Dira nyaris tak bisa bernapas.
“Carilah batu bulus—batu hitam mengilap dengan ukiran naga. Letakkan di dada Sigale-gale. Itu satu-satunya cara membebaskanku.”
**
Dengan senter yang nyaris kehabisan baterai, Dira mengobrak-abrik lantai gua, mencari batu yang dimaksud.

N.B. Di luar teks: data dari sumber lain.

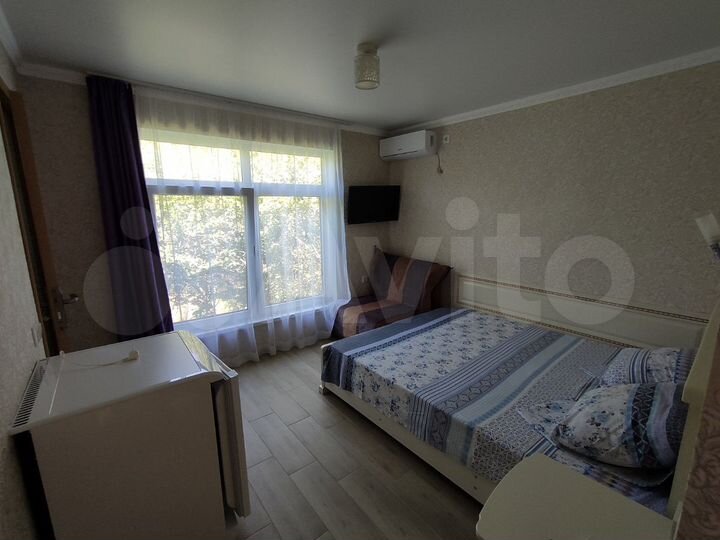 Комната 12 м² в 1-к., 1/2 эт.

Tak lama, ia menemukan sesuatu tertanam di sudut ruangan: batu hitam oval dengan ukiran halus berbentuk naga meliuk.
Dengan gemetar, ia meletakkannya di dada boneka.
Boneka itu bergetar. Ruangan bergemuruh. Cahaya menyilaukan meledak dari dalam boneka, lalu semuanya gelap.
**
Ketika Dira membuka mata, ia sudah berada di luar gua, rebah di tanah. Ucok berlari menghampiri, panik.
“Kau pingsan hampir satu jam! Aku hampir lari ke desa memanggil orang!”
Dira menoleh ke arah gua. Pintu masuknya kembali tertutup rapat, seolah tak pernah terbuka. Tapi di tangannya, ada buku catatan Rama, yang semestinya tertinggal di Jakarta.
Ketika membukanya, halaman terakhir berubah. Kini tertulis:
"Terima kasih, Dira. Aku bebas."
**
Beberapa bulan kemudian, Dira kembali ke Jakarta. Kasus hilangnya Rama resmi ditutup. Tapi setiap malam bulan purnama, ia bermimpi melihat danau yang sunyi, dan boneka Sigale-gale yang menari... dengan wajah yang tak lagi asing.